American journalist (1939–2022)

Bernadette Carey Smith (October 27, 1939 – December 5, 2022), also known by the byline Bernadette Carey, was an American journalist. In the 1960s, she was one of the first African-American women to work as a reporter at The New York Times and at The Washington Post.

== Early life and education ==
She was born in Manhattan in 1939, with the name Alice Bernadette Carey or Bernadette Alice Louise Carey. Her parents were Dr. Jocelyn Everard Carey, a family physician, and Mae Carey (née McDonald), a homemaker and member of the NAACP.

== Career ==
Carey was the first Black female reporter to work at The New York Times. She covered fashion and society news.

Carey served as editor-in-chief of Essence magazine in the initial stages of its development, but left before its first issue was published. Then a "star" at The Washington Post, she had been recommended to the publication's founding partners by Clay Felker, the editor of New York magazine, because of her experience with general market magazines, including Esquire and Look, as well as The New York Times women's news department.
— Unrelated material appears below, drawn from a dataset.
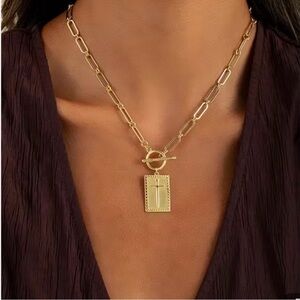 Gold Pendant Necklace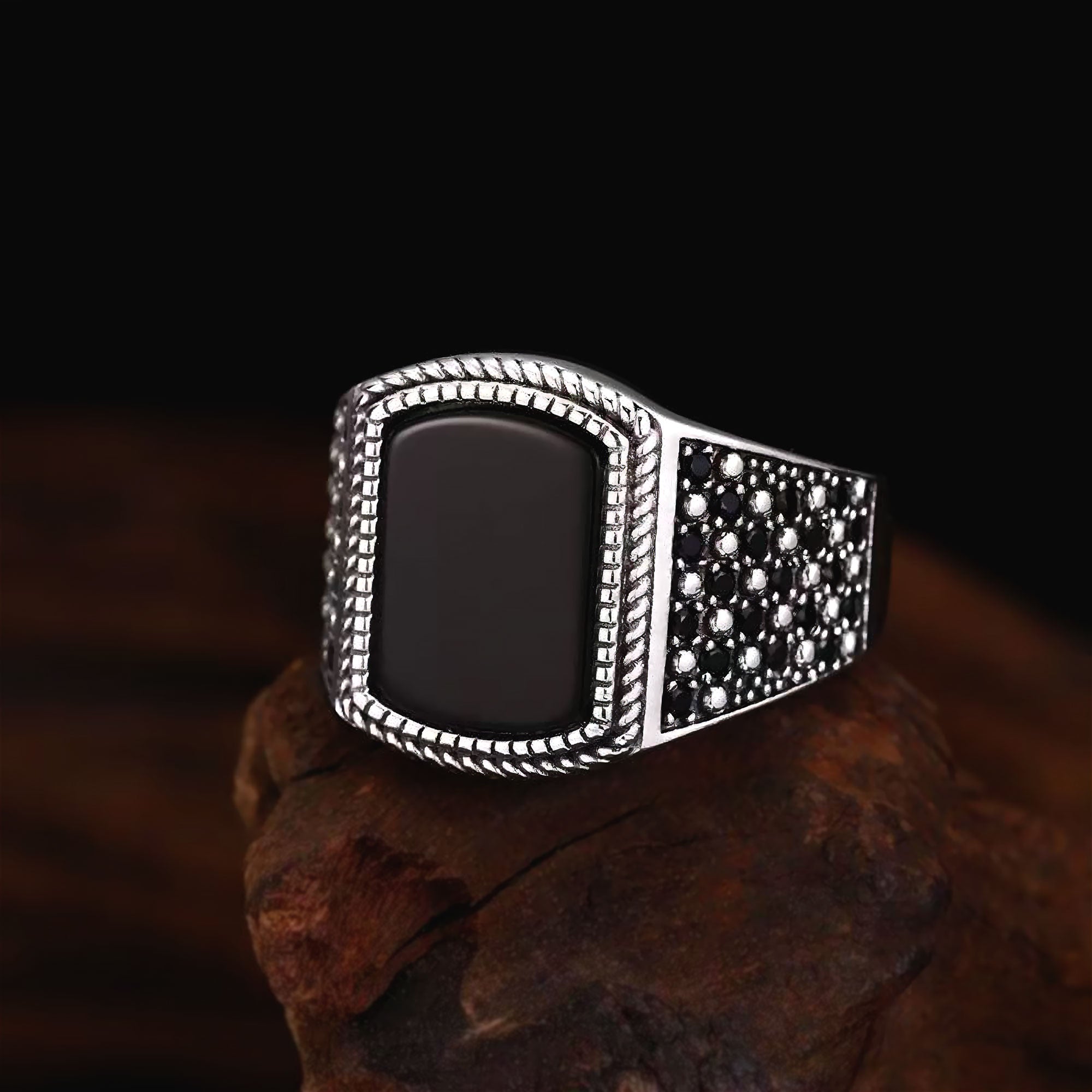 Odin – Signetring i 925 Sølv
Carey attended meetings with investors and advertisers, compiled market research, and worked on ideas for initial issues and stories. However, she had disagreements over the magazine's editorial direction with the four male partners, who also balked when she asked for a five-percent stake in The Hollingsworth Group. Carey later described her role at Essence as "editor-in-formation". She was succeeded by Ruth Ross, who also left the magazine after editing the first issue, citing the lack of editorial authority.

After ending her career in journalism, Smith founded a Chicago public relations firm.

== Personal life and death ==
Carey had a high-profile relationship with David Frost, who went on to date actress Diahann Carroll.

== Publications ==

- Carey, Bernadette (December 14, 1965). "Two Bit Bet: Financing a Crime Empire". Look. pp. 131–132.